One option would add --force to the wipefs call.
This is obviously really dangerous.
In my case lvm was still holding the device, --force will remove the lvm header however it'll remain and the only way to unlock this was to "dmsetup remove ceph--0118b379--16f4--4a3b--904b--90bc89e706fc-osd--block--4ae961d3--2870--44f7--85f3--49c0a8788789"
#3 Updated by Alfredo Deza over 5 years ago
- Assignee set to Andrew Schoen
#4 Updated by Alfredo Deza over 5 years ago
- Status changed from New to 4
This has been solved by commits in this PR https://github.com/ceph/ceph/pull/23532
Can you check Sebastien?
#5 Updated by Sébastien Han over 5 years ago
Sorry I don't have much time to test this again, I'll let you know once I resume my work.
Thanks for the patches.
#6 Updated by Alfredo Deza over 5 years ago
- Status changed from 4 to Resolved
#7 Updated by Jan Fajerski about 5 years ago
- Status changed from Resolved to 12
- Affected Versions v14.0.0 added
This issue still seems to be present in 14.0.1:
CEPH_VOLUME_DEBUG=1 ceph-volume lvm zap /dev/vdb1
Running command: /usr/sbin/cryptsetup status /dev/mapper/dc44240b-2dc1-4630-808f-e61ce918f211
--> Zapping: /dev/vdb1
Running command: /usr/sbin/wipefs --all /dev/vdb1
stderr: wipefs: error: /dev/vdb1: probing initialization failed: Device or resource busy
Traceback (most recent call last):
File "/usr/sbin/ceph-volume", line 11, in <module>
load_entry_point('ceph-volume==1.0.0', 'console_scripts', 'ceph-volume')()

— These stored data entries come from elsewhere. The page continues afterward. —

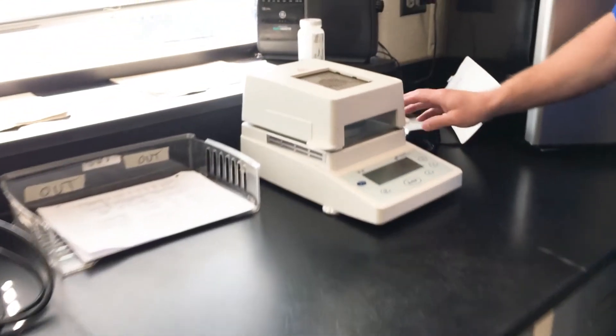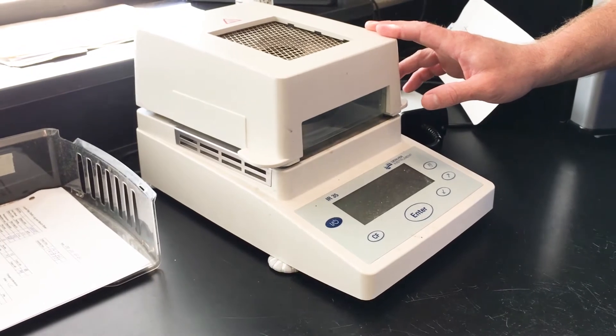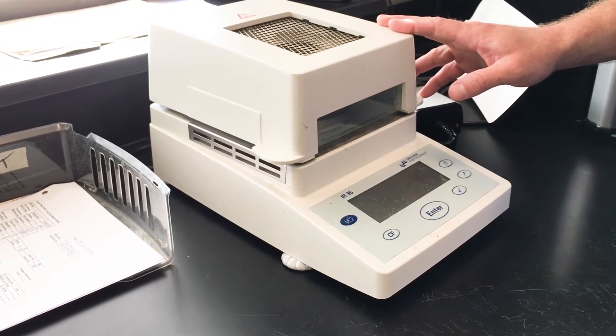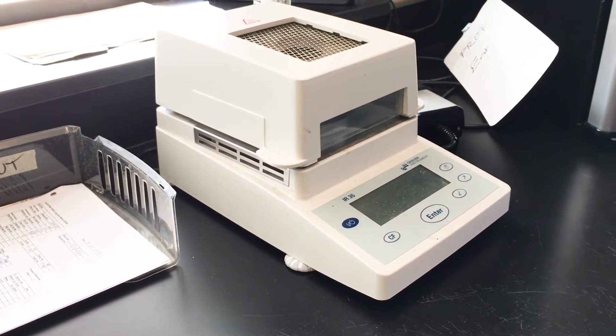This is our suspended solids burner. What we can do is test to see how dry our solids are that we're getting off our belt press, or check our mixed liquor to see how much actual dry solids are in our plant.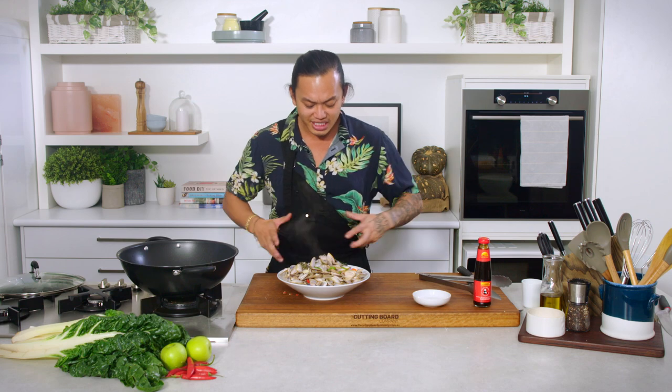That's basically my pippi dish. It took about eight, nine minutes, six ingredients, really simple, really delicious, just full of flavour. My mum's pippies — try this at home for yourself.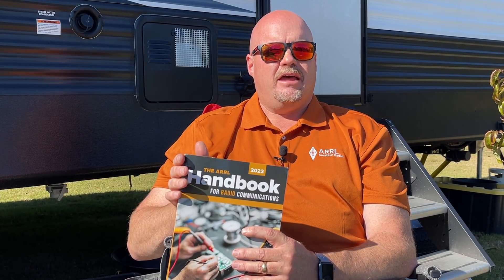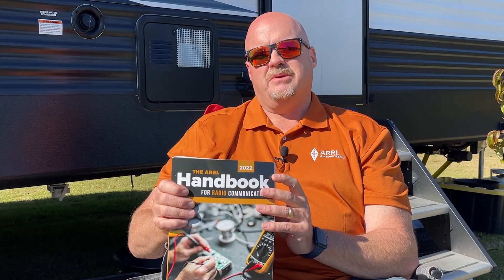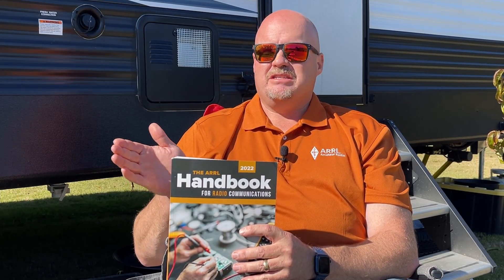I recently had the opportunity to revisit the handbook looking at it from the perspective of a new ham. I wrote an article for On The Air magazine — you can choose that as your printed copy if you're a newer ham and they'll mail it with your membership. Or if you prefer to keep QST coming to your mailbox, you get On The Air magazine free in the electronic version. I also did an On The Air podcast where I revisited the handbook and discussed how it's useful for new hams. Looking at it through that lens gave us this idea that this is something we definitely need to get the word out about — and who better to do that than people you already watch on YouTube.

File "/usr/lib/python3.6/site-packages/ceph_volume/main.py", line 38, in __init__
self.main(self.argv)
File "/usr/lib/python3.6/site-packages/ceph_volume/decorators.py", line 59, in newfunc
return f(*a, **kw)
File "/usr/lib/python3.6/site-packages/ceph_volume/main.py", line 148, in main
terminal.dispatch(self.mapper, subcommand_args)
File "/usr/lib/python3.6/site-packages/ceph_volume/terminal.py", line 182, in dispatch
instance.main()
File "/usr/lib/python3.6/site-packages/ceph_volume/devices/lvm/main.py", line 40, in main
terminal.dispatch(self.mapper, self.argv)
File "/usr/lib/python3.6/site-packages/ceph_volume/terminal.py", line 182, in dispatch
instance.main()
File "/usr/lib/python3.6/site-packages/ceph_volume/devices/lvm/zap.py", line 195, in main
self.zap(args)
File "/usr/lib/python3.6/site-packages/ceph_volume/decorators.py", line 16, in is_root
return func(*a, **kw)
File "/usr/lib/python3.6/site-packages/ceph_volume/devices/lvm/zap.py", line 107, in zap
wipefs(path)
File "/usr/lib/python3.6/site-packages/ceph_volume/devices/lvm/zap.py", line 21, in wipefs
path
File "/usr/lib/python3.6/site-packages/ceph_volume/process.py", line 153, in run
raise RuntimeError(msg)
RuntimeError: command returned non-zero exit status: 1
The workaround via dmsetup still works however.
#8 Updated by Patrick Donnelly over 4 years ago
- Status changed from 12 to New